Totem 协议（ SRP/RRP ）讲解

Totem协议（SRP/RRP）讲解 By 仇恕(Chinainvent) 2011.09

基本概念 • SRP: The Totem Single-Ring Ordering and Membership Protocol • 基于以太网的组通信协议，节点间组成单环结构 • 所有数据都采用UDP广播(message)、单播(token) • 消息的可靠性和有序性，基于token-passing实现 • 每个节点都接收到同样的消息序列，故可容忍消息丢失、节点崩溃 • RRP: The Totem Redundant Ring Protocol • 基于SRP，RRP嵌入于SRP的网络层（相当于修改了SRP的recv/send函数） • 通过使用冗余网络把多个节点连接起来，可容忍网络的损坏

术语解释 • Processor： • 节点，组通信成员，它需要实现SRP/RRP协议，并对外提供组通信接口，例如corosync，它提供组通信服务（叫CPG）。 • Application： • 程序，使用组通信服务的应用程序，它调用Processor提供的组通信接口。例如sheepdog就是调用corosync提供的CPG接口。

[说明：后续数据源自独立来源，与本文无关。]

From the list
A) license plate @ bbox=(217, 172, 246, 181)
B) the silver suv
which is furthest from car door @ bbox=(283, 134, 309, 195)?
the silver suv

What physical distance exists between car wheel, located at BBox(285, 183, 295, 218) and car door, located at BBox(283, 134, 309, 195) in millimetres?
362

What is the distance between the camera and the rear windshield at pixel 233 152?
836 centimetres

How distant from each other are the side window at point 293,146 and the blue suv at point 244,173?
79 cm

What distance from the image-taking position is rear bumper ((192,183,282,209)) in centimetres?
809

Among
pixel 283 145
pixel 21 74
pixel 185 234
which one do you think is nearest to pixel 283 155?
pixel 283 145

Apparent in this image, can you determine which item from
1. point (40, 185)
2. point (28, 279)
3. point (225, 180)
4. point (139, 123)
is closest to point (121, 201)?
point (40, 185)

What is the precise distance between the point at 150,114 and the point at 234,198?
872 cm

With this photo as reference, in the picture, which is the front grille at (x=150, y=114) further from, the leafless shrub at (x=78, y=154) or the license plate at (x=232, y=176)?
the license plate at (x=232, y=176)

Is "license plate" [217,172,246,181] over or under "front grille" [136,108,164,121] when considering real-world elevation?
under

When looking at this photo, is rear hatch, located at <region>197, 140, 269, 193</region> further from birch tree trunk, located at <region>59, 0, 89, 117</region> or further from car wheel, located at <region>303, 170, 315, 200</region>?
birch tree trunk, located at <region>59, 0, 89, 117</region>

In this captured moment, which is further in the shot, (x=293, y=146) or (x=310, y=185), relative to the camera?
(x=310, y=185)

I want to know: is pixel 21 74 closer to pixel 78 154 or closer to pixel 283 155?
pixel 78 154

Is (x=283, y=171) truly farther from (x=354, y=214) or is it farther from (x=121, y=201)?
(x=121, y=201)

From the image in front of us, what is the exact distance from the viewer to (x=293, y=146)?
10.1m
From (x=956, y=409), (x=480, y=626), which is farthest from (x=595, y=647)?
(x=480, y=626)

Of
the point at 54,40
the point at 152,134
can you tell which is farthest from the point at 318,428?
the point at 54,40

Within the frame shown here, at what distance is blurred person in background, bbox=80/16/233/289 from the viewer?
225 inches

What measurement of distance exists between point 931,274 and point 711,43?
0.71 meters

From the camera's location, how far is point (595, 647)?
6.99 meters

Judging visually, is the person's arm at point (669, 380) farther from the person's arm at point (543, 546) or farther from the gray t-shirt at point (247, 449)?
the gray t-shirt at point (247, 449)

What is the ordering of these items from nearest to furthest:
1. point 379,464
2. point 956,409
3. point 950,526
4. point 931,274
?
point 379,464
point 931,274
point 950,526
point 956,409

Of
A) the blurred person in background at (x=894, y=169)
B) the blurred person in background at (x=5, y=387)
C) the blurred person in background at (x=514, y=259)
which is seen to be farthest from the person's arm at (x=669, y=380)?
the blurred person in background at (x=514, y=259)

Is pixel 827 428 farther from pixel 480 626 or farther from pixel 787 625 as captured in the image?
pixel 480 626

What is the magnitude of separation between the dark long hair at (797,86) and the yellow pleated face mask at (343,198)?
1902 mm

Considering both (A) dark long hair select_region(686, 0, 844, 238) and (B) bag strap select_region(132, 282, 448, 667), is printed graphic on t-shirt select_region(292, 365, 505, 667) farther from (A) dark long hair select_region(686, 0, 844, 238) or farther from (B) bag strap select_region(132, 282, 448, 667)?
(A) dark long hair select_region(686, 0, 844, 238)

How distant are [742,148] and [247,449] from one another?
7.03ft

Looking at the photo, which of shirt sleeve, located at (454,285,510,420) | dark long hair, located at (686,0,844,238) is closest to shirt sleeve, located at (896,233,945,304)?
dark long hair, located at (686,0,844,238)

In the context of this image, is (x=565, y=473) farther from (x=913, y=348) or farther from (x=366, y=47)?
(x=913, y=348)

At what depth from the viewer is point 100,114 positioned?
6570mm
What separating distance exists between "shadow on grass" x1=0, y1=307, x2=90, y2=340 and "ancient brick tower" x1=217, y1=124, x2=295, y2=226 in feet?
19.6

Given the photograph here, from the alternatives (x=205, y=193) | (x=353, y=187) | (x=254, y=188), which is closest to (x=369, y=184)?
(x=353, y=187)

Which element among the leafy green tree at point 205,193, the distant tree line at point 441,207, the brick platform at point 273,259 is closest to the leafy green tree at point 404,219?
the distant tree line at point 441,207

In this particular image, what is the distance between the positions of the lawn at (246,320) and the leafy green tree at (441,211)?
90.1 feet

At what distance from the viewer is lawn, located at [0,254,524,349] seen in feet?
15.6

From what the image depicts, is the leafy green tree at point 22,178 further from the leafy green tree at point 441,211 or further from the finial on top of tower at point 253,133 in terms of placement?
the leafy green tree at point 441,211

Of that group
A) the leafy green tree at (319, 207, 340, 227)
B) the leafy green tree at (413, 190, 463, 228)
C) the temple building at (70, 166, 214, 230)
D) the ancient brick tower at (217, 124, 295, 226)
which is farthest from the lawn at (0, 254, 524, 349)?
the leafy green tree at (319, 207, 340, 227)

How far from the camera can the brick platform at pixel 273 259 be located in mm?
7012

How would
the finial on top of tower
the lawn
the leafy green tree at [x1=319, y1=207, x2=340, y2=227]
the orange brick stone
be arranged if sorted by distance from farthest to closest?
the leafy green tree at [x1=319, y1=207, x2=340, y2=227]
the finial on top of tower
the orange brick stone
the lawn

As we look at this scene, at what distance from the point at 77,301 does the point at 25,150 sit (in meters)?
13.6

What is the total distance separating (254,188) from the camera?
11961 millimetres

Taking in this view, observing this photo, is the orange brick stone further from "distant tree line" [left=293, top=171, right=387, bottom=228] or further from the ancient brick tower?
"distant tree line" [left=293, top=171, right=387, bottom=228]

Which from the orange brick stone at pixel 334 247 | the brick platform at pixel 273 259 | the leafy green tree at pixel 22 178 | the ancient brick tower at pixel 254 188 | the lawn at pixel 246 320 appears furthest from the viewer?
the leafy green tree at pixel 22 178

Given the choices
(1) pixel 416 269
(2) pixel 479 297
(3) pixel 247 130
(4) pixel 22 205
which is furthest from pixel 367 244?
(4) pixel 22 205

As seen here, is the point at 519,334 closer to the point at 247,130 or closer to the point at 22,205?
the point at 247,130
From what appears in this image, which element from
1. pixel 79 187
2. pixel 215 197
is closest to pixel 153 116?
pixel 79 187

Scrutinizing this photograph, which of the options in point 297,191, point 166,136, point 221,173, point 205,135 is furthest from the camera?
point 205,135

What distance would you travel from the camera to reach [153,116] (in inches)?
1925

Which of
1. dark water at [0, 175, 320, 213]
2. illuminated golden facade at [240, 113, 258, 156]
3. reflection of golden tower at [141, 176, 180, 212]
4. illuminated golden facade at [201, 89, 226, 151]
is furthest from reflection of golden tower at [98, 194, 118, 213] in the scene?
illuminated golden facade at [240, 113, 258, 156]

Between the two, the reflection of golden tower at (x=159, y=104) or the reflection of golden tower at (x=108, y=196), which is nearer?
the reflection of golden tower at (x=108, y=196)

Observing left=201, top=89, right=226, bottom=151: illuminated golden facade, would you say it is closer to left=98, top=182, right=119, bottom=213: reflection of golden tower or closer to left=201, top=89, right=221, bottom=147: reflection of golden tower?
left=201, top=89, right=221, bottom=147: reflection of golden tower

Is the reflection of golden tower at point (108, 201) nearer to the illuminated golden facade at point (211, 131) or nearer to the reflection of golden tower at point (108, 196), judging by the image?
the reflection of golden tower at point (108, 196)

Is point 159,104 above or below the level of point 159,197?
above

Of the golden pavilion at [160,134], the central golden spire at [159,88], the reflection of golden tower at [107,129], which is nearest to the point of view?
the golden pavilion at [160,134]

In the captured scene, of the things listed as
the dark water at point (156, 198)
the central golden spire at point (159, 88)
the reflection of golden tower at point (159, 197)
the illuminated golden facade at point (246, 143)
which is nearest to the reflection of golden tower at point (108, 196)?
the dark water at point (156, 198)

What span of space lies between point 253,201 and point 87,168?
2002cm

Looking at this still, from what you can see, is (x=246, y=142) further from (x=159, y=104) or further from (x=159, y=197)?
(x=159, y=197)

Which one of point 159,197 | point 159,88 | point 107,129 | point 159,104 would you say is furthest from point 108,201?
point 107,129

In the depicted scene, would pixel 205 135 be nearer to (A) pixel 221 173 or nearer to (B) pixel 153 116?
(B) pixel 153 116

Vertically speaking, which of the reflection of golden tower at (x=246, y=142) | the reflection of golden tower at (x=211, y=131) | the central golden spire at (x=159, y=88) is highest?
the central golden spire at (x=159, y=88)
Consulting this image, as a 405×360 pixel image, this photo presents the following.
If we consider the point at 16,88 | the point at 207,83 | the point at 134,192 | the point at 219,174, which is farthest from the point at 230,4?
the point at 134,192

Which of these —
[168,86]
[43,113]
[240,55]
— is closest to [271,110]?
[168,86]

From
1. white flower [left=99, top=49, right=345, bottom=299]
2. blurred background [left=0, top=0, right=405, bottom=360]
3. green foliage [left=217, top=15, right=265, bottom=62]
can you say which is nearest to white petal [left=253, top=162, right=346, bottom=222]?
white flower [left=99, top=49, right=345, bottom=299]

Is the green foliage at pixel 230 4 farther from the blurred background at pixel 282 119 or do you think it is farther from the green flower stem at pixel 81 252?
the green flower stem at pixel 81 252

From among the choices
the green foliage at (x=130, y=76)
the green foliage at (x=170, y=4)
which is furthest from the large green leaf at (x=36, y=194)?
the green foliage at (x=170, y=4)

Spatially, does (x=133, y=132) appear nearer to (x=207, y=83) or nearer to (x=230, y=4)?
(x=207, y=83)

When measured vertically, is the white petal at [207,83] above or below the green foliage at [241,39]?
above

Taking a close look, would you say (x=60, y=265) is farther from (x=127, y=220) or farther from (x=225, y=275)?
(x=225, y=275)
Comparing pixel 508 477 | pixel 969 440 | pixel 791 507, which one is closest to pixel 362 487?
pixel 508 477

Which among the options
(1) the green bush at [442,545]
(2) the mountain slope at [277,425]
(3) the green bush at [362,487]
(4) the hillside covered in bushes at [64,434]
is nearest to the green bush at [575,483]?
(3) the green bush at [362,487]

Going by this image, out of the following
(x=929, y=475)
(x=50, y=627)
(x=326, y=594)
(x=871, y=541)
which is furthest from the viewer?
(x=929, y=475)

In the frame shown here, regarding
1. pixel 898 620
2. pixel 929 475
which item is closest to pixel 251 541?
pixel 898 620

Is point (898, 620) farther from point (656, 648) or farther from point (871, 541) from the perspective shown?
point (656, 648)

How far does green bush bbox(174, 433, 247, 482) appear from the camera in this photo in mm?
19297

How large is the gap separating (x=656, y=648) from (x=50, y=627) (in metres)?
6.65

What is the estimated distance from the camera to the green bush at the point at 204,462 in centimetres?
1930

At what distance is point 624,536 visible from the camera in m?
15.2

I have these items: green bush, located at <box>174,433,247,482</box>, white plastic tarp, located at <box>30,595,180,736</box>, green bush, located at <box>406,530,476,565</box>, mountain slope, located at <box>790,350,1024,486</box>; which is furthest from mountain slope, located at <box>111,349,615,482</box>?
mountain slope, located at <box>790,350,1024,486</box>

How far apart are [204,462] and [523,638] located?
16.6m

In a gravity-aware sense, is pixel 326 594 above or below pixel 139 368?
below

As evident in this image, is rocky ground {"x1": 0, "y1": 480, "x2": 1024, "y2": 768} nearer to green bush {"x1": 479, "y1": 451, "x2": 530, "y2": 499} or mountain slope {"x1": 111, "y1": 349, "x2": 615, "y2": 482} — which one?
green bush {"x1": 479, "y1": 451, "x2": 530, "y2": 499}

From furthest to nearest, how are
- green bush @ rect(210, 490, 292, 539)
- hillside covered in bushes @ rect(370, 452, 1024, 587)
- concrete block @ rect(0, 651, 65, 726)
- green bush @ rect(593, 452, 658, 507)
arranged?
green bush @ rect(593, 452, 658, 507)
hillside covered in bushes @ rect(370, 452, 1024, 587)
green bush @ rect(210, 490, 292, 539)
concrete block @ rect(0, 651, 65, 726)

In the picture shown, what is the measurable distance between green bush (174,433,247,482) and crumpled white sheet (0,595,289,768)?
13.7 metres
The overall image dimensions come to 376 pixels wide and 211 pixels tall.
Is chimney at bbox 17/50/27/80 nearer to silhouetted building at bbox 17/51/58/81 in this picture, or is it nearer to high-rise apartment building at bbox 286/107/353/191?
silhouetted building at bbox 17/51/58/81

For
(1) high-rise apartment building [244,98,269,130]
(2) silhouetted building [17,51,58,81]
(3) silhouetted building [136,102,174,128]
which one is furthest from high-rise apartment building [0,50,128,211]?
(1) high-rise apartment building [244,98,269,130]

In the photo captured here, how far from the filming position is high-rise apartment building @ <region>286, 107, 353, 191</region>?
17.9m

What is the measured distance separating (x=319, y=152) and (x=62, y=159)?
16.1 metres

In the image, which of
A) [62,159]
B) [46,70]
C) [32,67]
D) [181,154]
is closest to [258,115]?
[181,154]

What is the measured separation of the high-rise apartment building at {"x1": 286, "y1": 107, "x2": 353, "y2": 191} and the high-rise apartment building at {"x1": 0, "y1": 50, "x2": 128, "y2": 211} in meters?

术语解释 A2 Pn: Processor An: Application A1 A3 A4

基本概念 • Broadcast： • One Processor => all Processors • Transmit/Forward token： • One Processor => next Processor • Delivery： • One Processor => associated Application

基本概念 • Causal Order： • 消息的传播是可靠的，即每一个结点都能收到该消息 • 所有消息都有先后次序，不存在并发的情况 • Processor将消息传送给Application时，严格按照消息的先后次序传送 • Agreed Order： • 满足Causal Order • Processor在传送某个消息给Application时，必须确保该消息之前的所有消息都已经传送完毕，确保消息不会丢失 • Safe Order： • 满足Agreed Order • Processor在传送某个消息给Application时，必须确保该消息之前的所有消息都已经被所有Processor接收

SRP细分为三个子协议 • The Totem Ordering Protocol（OP）： • 确保消息从Single-Ring中传播，到最终传递给Application时，满足Agreed Order或Safe Order。 • The Membership Protocol（MP）： • 当有新的Processor加入或旧的Processor离开时，自动形成新的Single-Ring。 • The Recovery Protocol（RP）： • 从Old Ring过渡到New Ring的过程中，恢复属于（残缺的）Old Ring的消息（使它们满足Agreed或Safe Order）。

SRP的四个状态

子协议与状态的关系 • The Totem Ordering Protocol（OP）： • 工作在Operational状态 • The Membership Protocol（MP）： • 工作在Gather、Commit状态 • The Recovery Protocol（RP）： • 工作在Recovery状态

The Total Ordering Protocol • The Totem Ordering Protocol（OP）： • 工作在Operational状态 • 确保消息从Single-Ring中传播，到最终传递给Application时，满足Agreed Order或Safe Order。 • 由Application在发送消息时，指定采用Agreed还是Safe方式。 • 通过token，以“丢手绢”的方式，实现消息的有序传递。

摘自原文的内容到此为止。